Reading 3 - Mar 9:50
"Salt is good, but if it loses its saltiness, how can you make
it salty again? Have salt in yourselves, and be at peace with each other" (Mar
9:50).
"We need not be discouraged because of the stolid indifference
of the people to the truth. Flesh and blood is naturally swinish and
unimpressible by the thoughts of God. The world, which is choked with religion,
such as it is, is made of this stiff-necked material. It is in the state of an
inebriate who has caroused himself into 'delirium tremens,' or a snoring
apoplexy. Its excitation or brain-congestion can only be relieved by copious
depletion. To preach the truth to it is like telling fables to a deaf man;
putting a jewel in a swine's snout; or casting things holy to dogs. This is the
nature of the flesh and blood world -- it is only evil, and that continually.

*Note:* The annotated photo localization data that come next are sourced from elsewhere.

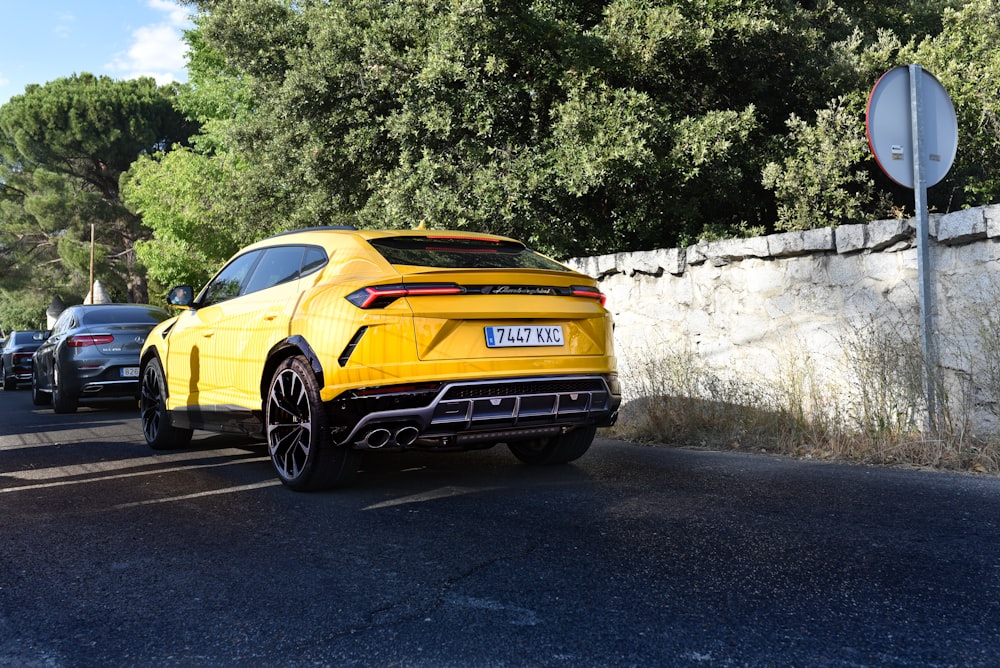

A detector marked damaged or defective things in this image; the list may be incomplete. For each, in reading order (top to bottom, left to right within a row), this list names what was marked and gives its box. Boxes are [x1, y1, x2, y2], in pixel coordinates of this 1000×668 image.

cracked asphalt [1, 388, 1000, 664]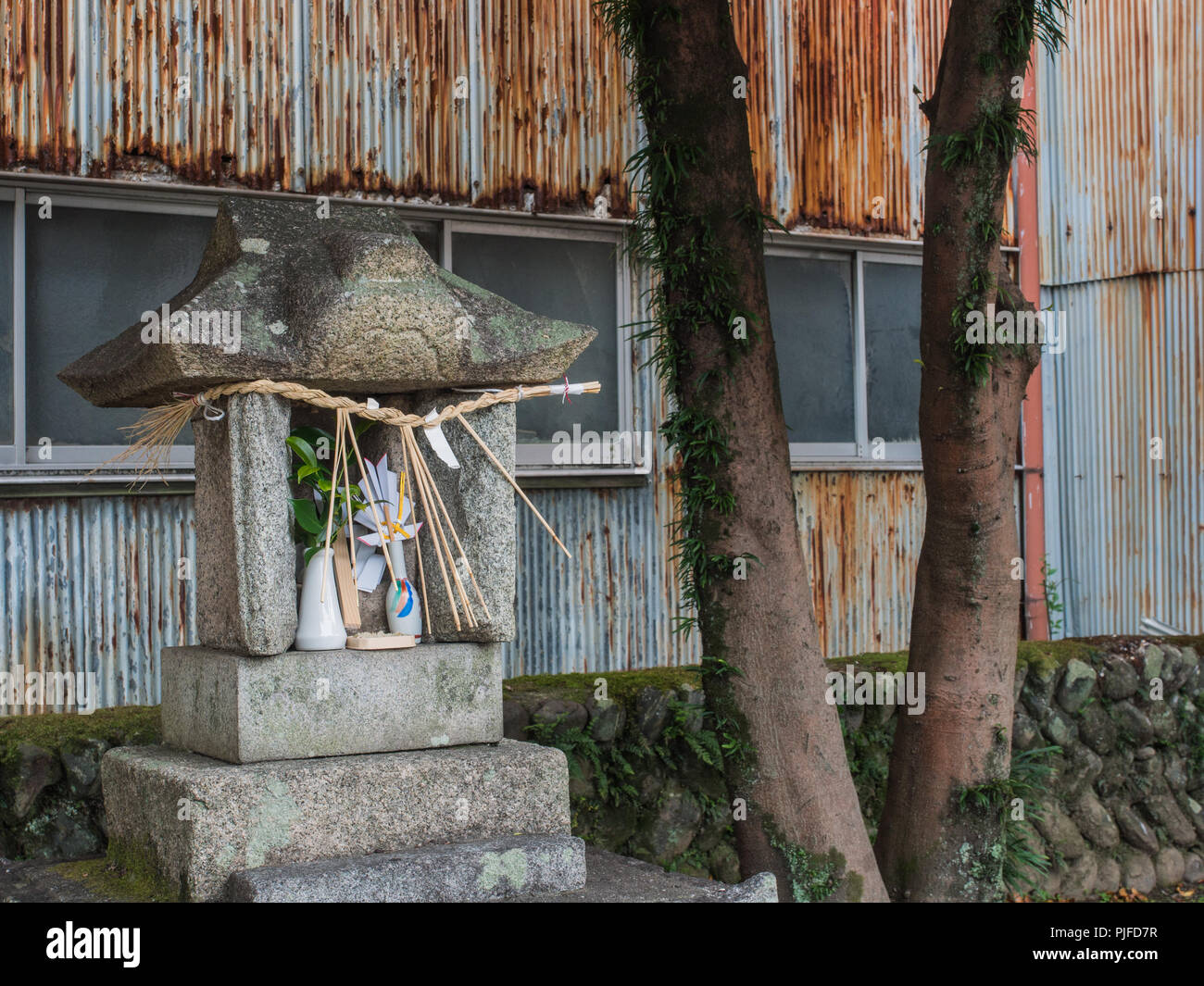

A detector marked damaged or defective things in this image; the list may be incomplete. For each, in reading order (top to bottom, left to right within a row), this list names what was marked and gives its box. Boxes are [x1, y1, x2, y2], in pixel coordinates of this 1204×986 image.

rusty corrugated metal [0, 0, 1001, 237]
rusty corrugated metal [1040, 0, 1198, 285]
rusty corrugated metal [1045, 273, 1204, 635]
rusty corrugated metal [0, 498, 193, 712]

But all the individuals of this perverse race are not so absolutely controlled
by the evil thereof as to be incapable of sobriety in word and deed. The race
has some 'honest and good hearts' yet, which are as salt, preserving it from
total and irretrievable corruption. They require, however, to be salted with
wisdom, and persecution, or fire, for the truth's sake, to make them fit for the
Master's use" (John Thomas, "Faith in the Last Days" 241).